The main challenge of perfecting TTS lies in the nature of text itself, as it's inherently ambiguous and under-specified with regards to many aspects of speech.
In this post, we outline the key challenges presented in processing input text and describe how a text preprocessor can help.
Ambiguity in written language
We can roughly categorize text into natural language and non-standard words (NSWs). Loosely speaking, natural language is any text that can be read out loud immediately, whereas NSWs have to be verbalized first.
For example "April first" can be read out loud as is, whereas "1st April" has to be converted into its natural language form before it can be read out loud.
There are many types of NSWs that need conversion, such as dates ("01/01/2001" into "January the first two thousand and one"), currencies ("$100" into "one hundred dollars") or units ("10m" into "10 meters" or "10 million"), just to name a few.
But even text without NSWs might require some form of disambiguation. For example, abbreviations need to be expanded into their natural form, like "St." into "Street" or "Saint". Another example are acronyms and letter sequences which can be read as words (such as "NASA") or by pronouncing each letter separately (such as "FBI").
The process of disambiguating and expanding natural language and NSWs is commonly referred to as text normalization. The output of which can be interpreted as a sequence of graphemes - letters that represent sounds in a written language.
Ambiguity with respect to pronunciation
The process of normalizing text into a sequence of graphemes removes some of the ambiguity, albeit not fully.
Take heteronyms - words that are spelled the same but pronounced differently depending on the context they appear in. For example, "lead" can refer to being in charge, in which case it's pronounced like "leed". However, "lead" can also refer to the metal, in which case it is pronounced like "led".
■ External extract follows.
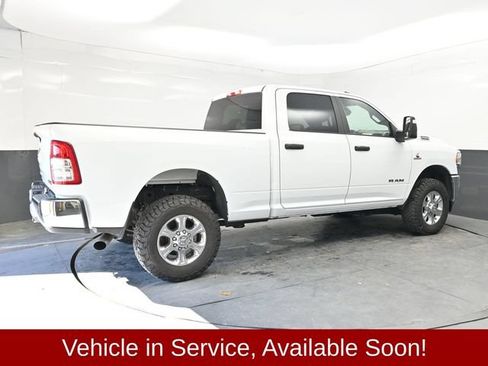Used 2024 RAM 2500 Big Horn AWD/4WD image 7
Pronunciation can also vary based on regional or personal preferences. For instance, the word "either" can be pronounced as "ee-thur" or "eye-thur". Or consider the brand name "Nike", which in the US is commonly pronounced "nai-kee", whereas in other parts of the world people might say "nyke".
Furthermore, unknown words can appear over time, such as "gif" a few decades ago. Some people use a hard "g" (like "gift"), while others use a soft "g" (like "giraffe"). Sometimes these new words deviate from existing orthographic rules, which makes inferring their pronunciation challenging.
The examples above motivate the need to better specify the intended pronunciation of input text. This is commonly achieved with phonemic transcription, a process which transcribes the grapheme sequence into a sequence of phonemes.
Phonemes are the smallest units of sound that can distinguish one word from another, and are represented by special alphabets such as the International Phonetic Alphabet (IPA). With hundreds of symbols it allows for more granular control than mere grapheme-based input.
Ambiguity with respect to various aspects of speech
Even after text normalization and phonemic transcription, a reader may often have little information about many of the aspects of speech, such as timbre, which characterizes who the speaker is (e.g. their age) or where they come from (e.g. their regional accent or dialect).
It is often unclear how a given text should be read out loud in terms...